5 ottobre 2018 alle 09:57

Da spostare alle 12:30 dopo il tg4 diurno



5. Alexius00 ha scritto:

5 ottobre 2018 alle 10:33

Come fa a definirsi “fuori dal coro” una trasmissione la cui linea d’opinione è quella assolutamente maggioritaria nel Paese (al netto del sonoro “non proprio esaltante 2% del suo share”)?



6. Nina ha scritto:

5 ottobre 2018 alle 14:43

Fuori dal coro, fuori dallo schifo dei giornalisti mainstream!!! Bravo Giordano sempre coerente e onesto intellettualmente.



7. Roberto ha scritto:

5 ottobre 2018 alle 19:48

Vai avanti cosi ai detto bene perchè andiamo a votare “bandiera rossa trionferà” forse questa volta non riesce a fare quello che ha fatto con Berlusconi.



8. REMO ha scritto:

9 ottobre 2018 alle 11:47

HO BISOGNO DI AIUTO, NON FINANZIARIO, MA BEN ALTRO, SI PREGA DI USARE LA MASSIMA RISERVATEZZA, LA COSA è DELICATA.



9. renata ha scritto:

19 ottobre 2018 alle 20:13

A me Mario Giordano piace. Mi piace sia come giornalista che come conduttore della nuova trasmissione “Fuori dal coro”. I temi che propone sono sempre interessanti, vari e soprattutto si avvicinano alle mie idee ed a quelle di tantissima gente che la pensa come me. Unico cruccio: che la trasmissione duri soltanto pochi minuti. Data la preparazione di Giordano, la spigliatezza, la capacità di tenere desta l’attenzione e la simpatia che ispira essendo semplicemente se stesso (anche se “criticato” per la voce), gli riserverei uno spazio decisamente più ampio. Populista? Gli epiteti non m’interessano e comunque sì, se essere populisti significa aver il coraggio delle proprie idee anche se distanti da quelle del gregge.

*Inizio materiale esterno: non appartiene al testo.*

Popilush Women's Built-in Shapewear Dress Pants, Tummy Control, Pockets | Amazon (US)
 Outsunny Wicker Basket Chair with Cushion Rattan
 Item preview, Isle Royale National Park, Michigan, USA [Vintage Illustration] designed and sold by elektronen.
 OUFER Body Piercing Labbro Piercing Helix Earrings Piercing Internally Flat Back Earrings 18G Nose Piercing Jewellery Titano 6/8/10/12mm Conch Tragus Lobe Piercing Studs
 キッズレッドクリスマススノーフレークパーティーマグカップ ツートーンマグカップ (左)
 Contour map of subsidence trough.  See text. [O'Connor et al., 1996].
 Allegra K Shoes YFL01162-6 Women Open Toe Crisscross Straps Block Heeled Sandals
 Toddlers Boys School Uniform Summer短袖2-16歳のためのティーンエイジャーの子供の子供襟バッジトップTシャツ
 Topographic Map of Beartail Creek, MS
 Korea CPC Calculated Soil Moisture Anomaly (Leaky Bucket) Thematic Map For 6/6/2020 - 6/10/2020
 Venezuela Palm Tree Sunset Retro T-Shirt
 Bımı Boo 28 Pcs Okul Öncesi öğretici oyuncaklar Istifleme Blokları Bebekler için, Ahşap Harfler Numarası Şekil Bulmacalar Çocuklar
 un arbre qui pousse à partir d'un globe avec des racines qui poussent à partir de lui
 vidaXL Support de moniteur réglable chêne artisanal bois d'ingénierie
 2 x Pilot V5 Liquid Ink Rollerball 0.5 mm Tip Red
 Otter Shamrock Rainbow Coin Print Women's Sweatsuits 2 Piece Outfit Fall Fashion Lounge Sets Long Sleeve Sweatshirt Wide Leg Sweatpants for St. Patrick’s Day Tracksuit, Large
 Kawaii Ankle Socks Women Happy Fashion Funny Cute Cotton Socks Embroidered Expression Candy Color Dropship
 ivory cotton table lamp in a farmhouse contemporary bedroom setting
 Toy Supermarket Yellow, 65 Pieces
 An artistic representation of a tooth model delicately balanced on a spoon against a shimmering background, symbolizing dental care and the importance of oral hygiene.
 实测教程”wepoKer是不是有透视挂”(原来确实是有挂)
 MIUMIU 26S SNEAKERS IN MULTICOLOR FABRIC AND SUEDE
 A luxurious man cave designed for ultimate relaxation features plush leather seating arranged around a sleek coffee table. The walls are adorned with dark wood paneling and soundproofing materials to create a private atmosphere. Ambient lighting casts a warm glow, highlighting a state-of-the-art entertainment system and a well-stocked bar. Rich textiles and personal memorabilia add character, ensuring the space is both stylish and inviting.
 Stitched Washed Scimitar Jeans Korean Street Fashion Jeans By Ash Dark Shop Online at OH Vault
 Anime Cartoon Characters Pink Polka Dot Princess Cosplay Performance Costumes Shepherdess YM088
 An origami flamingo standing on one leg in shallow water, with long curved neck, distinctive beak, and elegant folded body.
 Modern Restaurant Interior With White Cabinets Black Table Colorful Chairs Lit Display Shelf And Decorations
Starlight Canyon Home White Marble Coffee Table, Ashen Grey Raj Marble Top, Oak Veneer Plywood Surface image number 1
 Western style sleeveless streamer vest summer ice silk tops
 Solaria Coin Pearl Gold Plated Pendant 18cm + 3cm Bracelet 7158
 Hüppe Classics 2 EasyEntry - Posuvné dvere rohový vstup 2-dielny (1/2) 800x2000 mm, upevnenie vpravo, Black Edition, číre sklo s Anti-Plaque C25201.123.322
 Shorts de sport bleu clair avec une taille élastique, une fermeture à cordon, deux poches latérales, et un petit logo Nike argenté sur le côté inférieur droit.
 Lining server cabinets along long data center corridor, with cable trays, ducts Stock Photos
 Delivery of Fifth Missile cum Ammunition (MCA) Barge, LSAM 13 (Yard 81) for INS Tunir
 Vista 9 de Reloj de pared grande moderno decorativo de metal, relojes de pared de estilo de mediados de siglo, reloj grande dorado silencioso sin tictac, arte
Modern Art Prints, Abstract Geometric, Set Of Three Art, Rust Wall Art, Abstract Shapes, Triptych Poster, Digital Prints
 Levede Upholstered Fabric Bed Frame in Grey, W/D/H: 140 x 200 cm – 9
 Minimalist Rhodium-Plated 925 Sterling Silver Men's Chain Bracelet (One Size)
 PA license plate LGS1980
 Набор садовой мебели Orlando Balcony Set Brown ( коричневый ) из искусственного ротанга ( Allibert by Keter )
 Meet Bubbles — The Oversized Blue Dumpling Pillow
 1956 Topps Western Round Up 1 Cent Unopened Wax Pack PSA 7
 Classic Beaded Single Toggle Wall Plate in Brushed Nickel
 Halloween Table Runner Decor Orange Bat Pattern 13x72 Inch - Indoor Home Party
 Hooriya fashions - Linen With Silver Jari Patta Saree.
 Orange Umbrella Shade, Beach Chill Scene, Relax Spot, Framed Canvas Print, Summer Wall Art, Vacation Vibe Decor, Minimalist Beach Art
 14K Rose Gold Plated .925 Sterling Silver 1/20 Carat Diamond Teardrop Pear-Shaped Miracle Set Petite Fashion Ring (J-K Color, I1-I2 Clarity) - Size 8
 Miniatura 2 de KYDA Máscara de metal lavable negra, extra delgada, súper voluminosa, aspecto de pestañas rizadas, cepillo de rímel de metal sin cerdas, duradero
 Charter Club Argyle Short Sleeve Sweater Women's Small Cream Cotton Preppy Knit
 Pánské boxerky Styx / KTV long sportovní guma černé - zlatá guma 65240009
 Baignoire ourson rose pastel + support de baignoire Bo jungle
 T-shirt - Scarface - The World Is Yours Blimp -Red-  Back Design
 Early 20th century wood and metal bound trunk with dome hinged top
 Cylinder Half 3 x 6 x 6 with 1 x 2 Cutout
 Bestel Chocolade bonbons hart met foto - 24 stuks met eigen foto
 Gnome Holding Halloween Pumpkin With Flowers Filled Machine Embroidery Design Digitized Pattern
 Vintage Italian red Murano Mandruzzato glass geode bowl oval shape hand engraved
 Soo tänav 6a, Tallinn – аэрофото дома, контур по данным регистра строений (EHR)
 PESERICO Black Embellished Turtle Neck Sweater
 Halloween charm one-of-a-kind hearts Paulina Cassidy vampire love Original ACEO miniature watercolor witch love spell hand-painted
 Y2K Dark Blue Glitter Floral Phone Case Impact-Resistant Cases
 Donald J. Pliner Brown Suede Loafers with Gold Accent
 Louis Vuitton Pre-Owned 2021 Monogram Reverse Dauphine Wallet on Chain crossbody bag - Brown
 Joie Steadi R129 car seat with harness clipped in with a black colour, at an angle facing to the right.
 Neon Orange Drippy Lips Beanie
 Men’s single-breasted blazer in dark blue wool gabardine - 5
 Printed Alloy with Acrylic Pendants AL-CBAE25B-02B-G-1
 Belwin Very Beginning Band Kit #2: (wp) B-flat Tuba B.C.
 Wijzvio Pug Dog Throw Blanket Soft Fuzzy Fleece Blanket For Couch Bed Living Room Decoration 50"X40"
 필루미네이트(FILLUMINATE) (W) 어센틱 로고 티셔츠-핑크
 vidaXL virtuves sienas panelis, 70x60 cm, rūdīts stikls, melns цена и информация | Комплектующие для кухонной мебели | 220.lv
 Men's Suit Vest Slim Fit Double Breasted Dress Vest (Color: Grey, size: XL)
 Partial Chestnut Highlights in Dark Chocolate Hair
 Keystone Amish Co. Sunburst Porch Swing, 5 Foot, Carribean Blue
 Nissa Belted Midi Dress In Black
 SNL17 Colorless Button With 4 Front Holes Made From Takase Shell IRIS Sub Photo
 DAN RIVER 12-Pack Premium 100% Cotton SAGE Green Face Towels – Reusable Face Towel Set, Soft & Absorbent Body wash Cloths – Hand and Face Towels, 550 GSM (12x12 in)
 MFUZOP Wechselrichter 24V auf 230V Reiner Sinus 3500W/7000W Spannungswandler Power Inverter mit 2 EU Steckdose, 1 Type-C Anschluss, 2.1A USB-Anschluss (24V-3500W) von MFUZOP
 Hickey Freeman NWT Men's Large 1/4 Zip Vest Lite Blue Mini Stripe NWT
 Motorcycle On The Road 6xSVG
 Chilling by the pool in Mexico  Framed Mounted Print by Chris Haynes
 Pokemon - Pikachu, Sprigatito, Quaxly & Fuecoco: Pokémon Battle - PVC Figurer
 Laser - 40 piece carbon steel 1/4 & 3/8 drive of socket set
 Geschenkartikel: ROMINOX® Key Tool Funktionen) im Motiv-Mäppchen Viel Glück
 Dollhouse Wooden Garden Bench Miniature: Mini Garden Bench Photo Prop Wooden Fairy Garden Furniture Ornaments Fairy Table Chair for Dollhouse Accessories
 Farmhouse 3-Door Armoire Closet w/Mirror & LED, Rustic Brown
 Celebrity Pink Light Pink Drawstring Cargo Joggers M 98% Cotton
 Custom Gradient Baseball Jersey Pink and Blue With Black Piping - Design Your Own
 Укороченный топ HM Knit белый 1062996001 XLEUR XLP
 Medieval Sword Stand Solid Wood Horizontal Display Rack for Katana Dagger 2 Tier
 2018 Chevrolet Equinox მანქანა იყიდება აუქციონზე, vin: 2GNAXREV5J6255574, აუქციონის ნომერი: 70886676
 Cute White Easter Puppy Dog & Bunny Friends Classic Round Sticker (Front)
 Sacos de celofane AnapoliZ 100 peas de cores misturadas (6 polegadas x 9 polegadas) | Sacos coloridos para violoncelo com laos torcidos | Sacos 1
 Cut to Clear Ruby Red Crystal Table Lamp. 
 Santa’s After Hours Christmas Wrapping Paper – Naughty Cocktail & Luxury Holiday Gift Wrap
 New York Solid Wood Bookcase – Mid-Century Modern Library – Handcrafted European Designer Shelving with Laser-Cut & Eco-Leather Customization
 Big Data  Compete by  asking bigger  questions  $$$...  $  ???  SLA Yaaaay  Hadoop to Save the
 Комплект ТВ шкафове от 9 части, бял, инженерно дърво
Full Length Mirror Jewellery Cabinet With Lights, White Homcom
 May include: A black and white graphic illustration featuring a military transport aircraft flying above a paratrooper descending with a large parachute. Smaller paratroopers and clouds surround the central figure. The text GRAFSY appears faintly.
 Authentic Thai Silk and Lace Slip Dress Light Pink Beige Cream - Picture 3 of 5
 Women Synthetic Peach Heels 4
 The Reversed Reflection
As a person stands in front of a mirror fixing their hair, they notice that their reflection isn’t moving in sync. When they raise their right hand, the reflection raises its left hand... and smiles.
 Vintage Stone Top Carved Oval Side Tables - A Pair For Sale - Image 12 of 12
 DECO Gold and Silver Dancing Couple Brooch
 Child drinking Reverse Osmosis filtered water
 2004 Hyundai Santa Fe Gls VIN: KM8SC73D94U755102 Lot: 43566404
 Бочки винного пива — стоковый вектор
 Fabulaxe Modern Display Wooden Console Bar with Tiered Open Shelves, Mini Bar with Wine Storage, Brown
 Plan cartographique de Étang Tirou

Ma anche la mia, come la sua, rimane una voce
“fuori dal coro”. Grazie



10. Adolfo ha scritto:

2 novembre 2018 alle 21:51

Bravo, finalmente uno che guarda la realtà della vita quotidiana dalla porta e non dallo spioncino
Continua così e porta a galla tutto il marciume dei politici di lungo corso che non si sono accorti in che baratro hanno portato gli italiani durante tutti i loro mandati ma sono bravissimi a dare sentenze sciagurate alle due forze che finalmente li sta oscurando.
Bravo ancora
Un saluto da Adolfo



11. Mara ha scritto:

7 dicembre 2018 alle 19:51

Mi piace la trasmissione, perche’ il conduttore ha il coraggio di raccontare la verita’. Cosa che i ‘grandi’ giornalisti con aria seria e composta non fanno altro che servire il potere.